Menschen, denen es im
Blick auf die Schöpfung und ihre Bewahrung Angst und Bange ist.
Menschen, die davon
wissen, welche Auswirkungen der Fluglärm und in dessen Gefolge
auch der Straßenlärm auf die Gesundheit haben können.
Als Kirche in der
Flughafenregion nehmen wir unsere Verantwortung wahr.
Sowohl für die
Menschen am Flughafen als auch für die Menschen in der Region um
den Flughafen.
Darum haben sich die
Gremien des Dekanatsbezirks, die Dekanatssynode und der
Dekanatsausschuss, und die Leitungsgremien der neun Kirchengemeinde
auch mit dem geplanten Bau der 3.Startbahn beschäftigen müssen.
Es war dabei sehr
hilfreich für uns, dass zu unserem Dekanat auch die
Kirchengemeinde Markt Schwaben und Poing gehört. Die
Vertreterinnen und Vertreter dieser Kirchengemeinde können sich
noch sehr gut an den Flughafen in München Riem erinnern und von
ihren Erfahrungen berichten. Sie verstehen die Sorgen, die sich mit
der 3.Startbahn verbinden, nur zu gut. Aus eigener Erfahrung.
Nach einem gründlichen
und intensiven Meinungsbildungsprozess in den verantwortlichen
Gremien haben wir mit großer Mehrheit entschieden, uns
öffentlich gegen den geplanten Bau der 3.Startbahn zu
engagieren.
Um Ihnen unsere
Gedanken und Anträge vorzutragen, stehe ich heute hier vor
Ihnen.
Ich weiß, dass
Sie für vieles von dem, was ich jetzt sage, gar nicht die
richtigen Ansprechpartner sind.
Denn Sie tun nichts
anderes als das, was von Ihnen erwartet wird.
Sie tun Ihren Job und
der heißt schlicht und einfach, den Beschluss der
Gesellschafter zu verteidigen, damit er nach Abschluss des Verfahrens
dann umgesetzt werden kann.
Eigentlich müssten
hier die Vertreter der Gesellschafter sitzen und sich mit den
Einwenden und Sorgen der Menschen in der Region um den Flughafen
auseinandersetzen.
Sie müssten sich
den Fragen stellen.
Sie müssten sich
vor allem auch danach fragen lassen, welche Werte sie bei ihrer
Entscheidung, eine dritte Startbahn zu bauen, leiten.
Denn auch die Frage
nach den Werten gehört unserer Meinung nach in einen
Anhörungsprozess wie diesen.

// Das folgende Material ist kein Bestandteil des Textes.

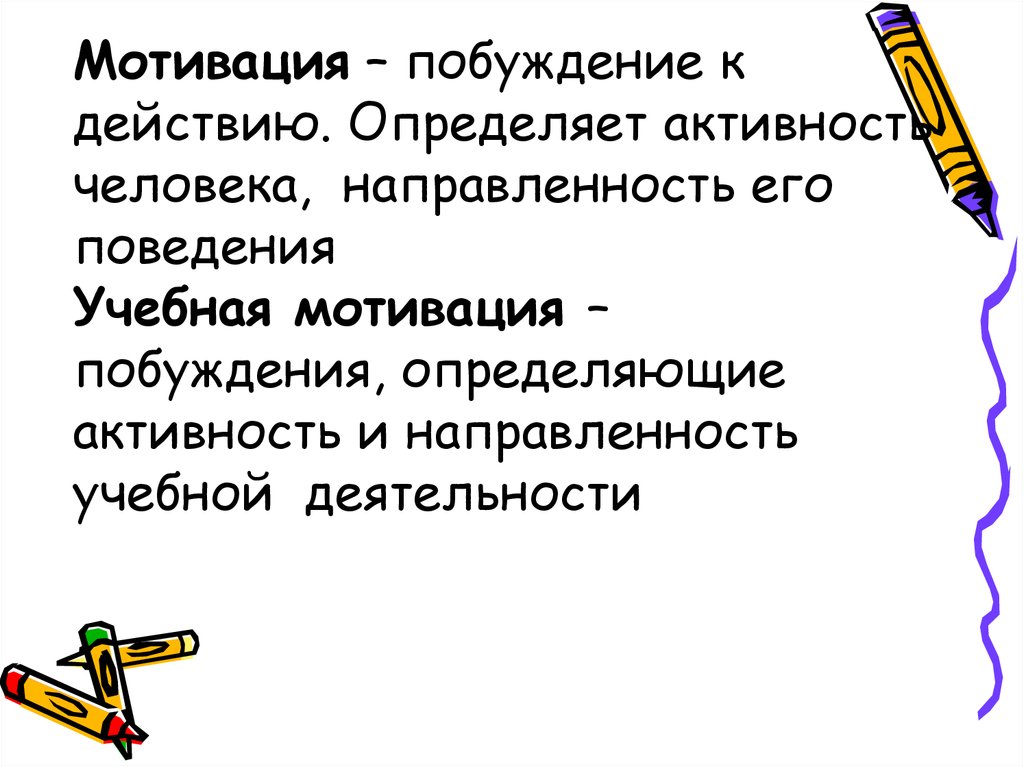 Различают активность и активность. Мотивация учебной деятельности учащихся для презентации. Фразы побуждающие к действию. Виды мотивации учащихся. Побуждение.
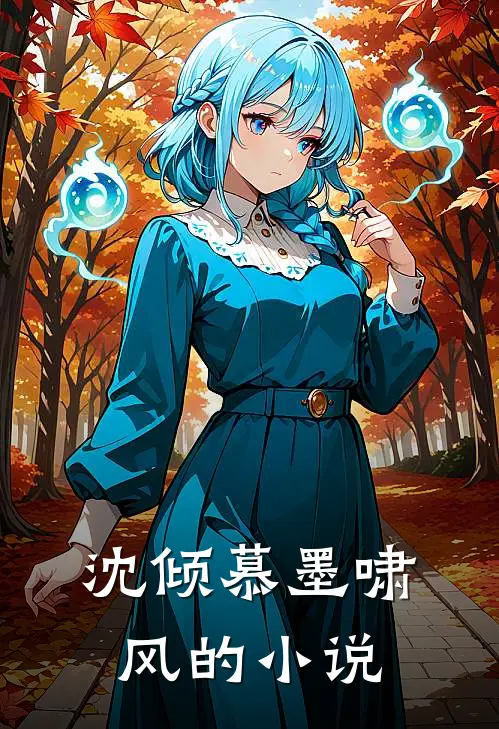 沈倾慕墨啸风的小说
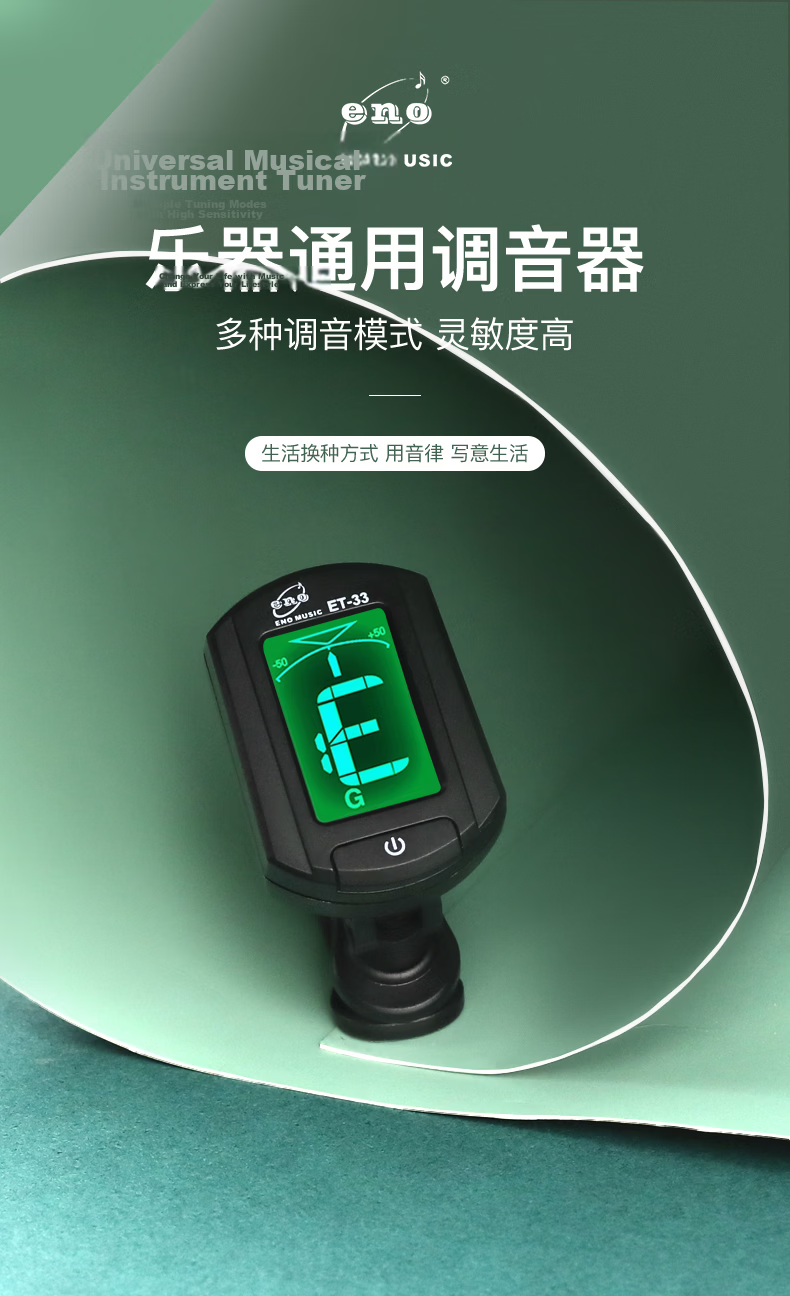 ENO Erhu Tuner for Beginners, Electronic Tuning Device for Erhu, 31E Machine Core, Sensitive Professional Accessory 2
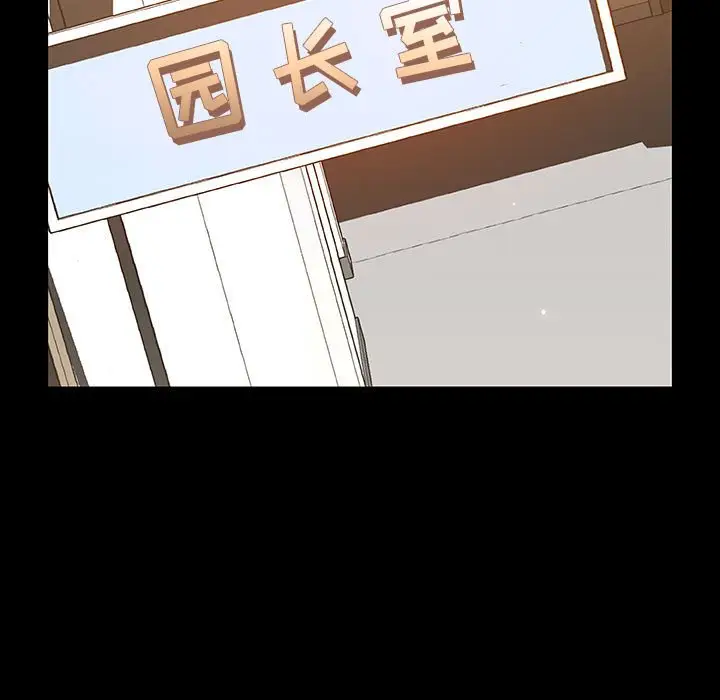 漫画《秘密合约》第56章第13张图
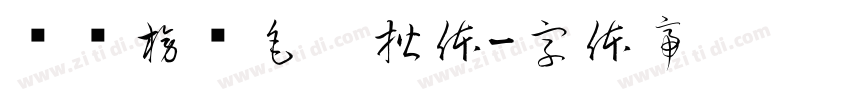 汉标榜样毛笔楷体字体转换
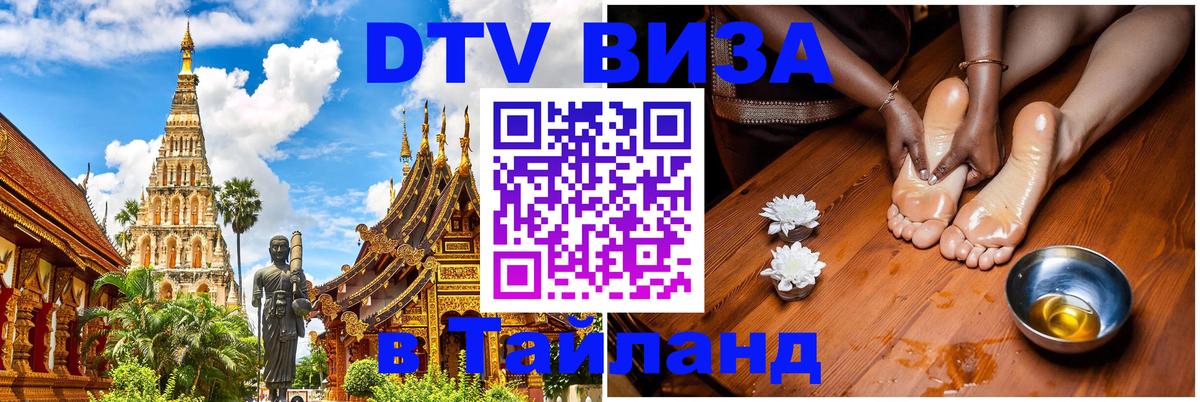 Сколько стоит DTV виза — актуальные цены, оформление даже без документов - Иваново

Denn wo sonst, wenn nicht hier,
könnte sie in diesem Verfahren denn überhaupt gestellt
werden.
Die Gesellschafter
müssen sich fragen lassen, welche Werte sie bei den Vorgaben
leiten, die sie Ihnen, den Mitarbeitenden machen und die Sie dann
umzusetzen haben.
Was ja –
zumindest zum jetzigen Zeitpunkt – nicht die reine Freude sein
kann.
Einfügung vor
Ort – sinngemäß – „darum stehe ich jetzt
auch ganz bewusst hier an diesem Pult. Weil ich eine Reihe von
Anträgen an die Regierung von Oberbayern als die neutrale
Instanz richte, die nach diesem Verfahren abzuwägen und zu
entscheiden hat. Und weil Sie, Herr Büchner, der Anwalt des
Verfahrens in diesem Sinne sind.“
Wir beantragen,
dass genau diese Wertediskussion, die bisher als nicht
verfahrensrelevant bezeichnet wurde, in das Verfahren mit einbezogen
wird.
Denn aus unserer Sicht
ist es ethisch unverantwortlich, sich in diesem Verfahren
ausschließlich mit dem „wie“ der 3.Startbahn zu
befassen,
aber die Frage nach dem
„ob“ der Verantwortbarkeit der 3.Startbahn als nicht
verfahrensrelevant außen vor zu lassen.
Anschließende
Replik des Sitzungsleiters der Regierung v.Oberbayern:
Er verwahre
sich gegen diesen Vorwurf. Dass „ob“ der 3.Startbahn
stehe durchaus im Blickpunkt des Erörterungsverfahrens.
Es muss nach den Werten
gefragt werden, die ein solches Projekt motivieren und es müssen
die verschiedenen Werte, die dabei leiten, ethisch gewürdigt und
verantwortlich gewertet werden.
Die
Helmholtz-Gemeinschaft der deutschen Forschungsverbünde (HGF)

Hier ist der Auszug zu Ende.